Design and Status (as of December 2015)

Control Plane Component Resilience Plan Current Status
API Server

Multiple stateless, self-hosted, self-healing API servers behind a HA load balancer, built out by the default "kube-up" automation on GCE, AWS and basic bare metal (BBM). Note that the single-host approach of having etcd listen only on localhost to ensure that only API server can connect to it will no longer work, so alternative security will be needed in the regard (either using firewall rules, SSL certs, or something else). All necessary flags are currently supported to enable SSL between API server and etcd (OpenShift runs like this out of the box), but this needs to be woven into the "kube-up" and related scripts. Detailed design of self-hosting and related bootstrapping and catastrophic failure recovery will be detailed in a separate design doc.

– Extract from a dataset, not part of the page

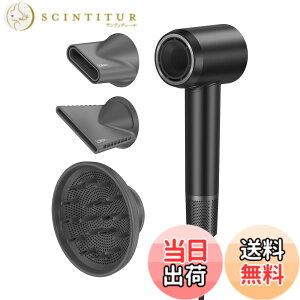 �y���������zLaifen ���C�t�F�� �h���C���[ SWIFT SPECIAL ����M�t�g �啗�� ���� ���Z�x2���}�C�i�X�C�I�� 110,000��]/�� �w�A�h���C���[ �É��݌v 22m/s �����E�╗ 8���[�h �ߔM�h�~ �y�ʃR���p�N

No scripted self-healing or HA on GCE, AWS or basic bare metal currently exists in the OSS distro. To be clear, "no self healing" means that even if multiple e.g. API servers are provisioned for HA purposes, if they fail, nothing replaces them, so eventually the system will fail. Self-healing and HA can be set up manually by following documented instructions, but this is not currently an automated process, and it is not tested as part of continuous integration. So it's probably safest to assume that it doesn't actually work in practise.

Controller manager and scheduler

Multiple self-hosted, self healing warm standby stateless controller managers and schedulers with leader election and automatic failover of API server clients, automatically installed by default "kube-up" automation.

As above.
etcd

Multiple (3-5) etcd quorum members behind a load balancer with session affinity (to prevent clients from being bounced from one to another).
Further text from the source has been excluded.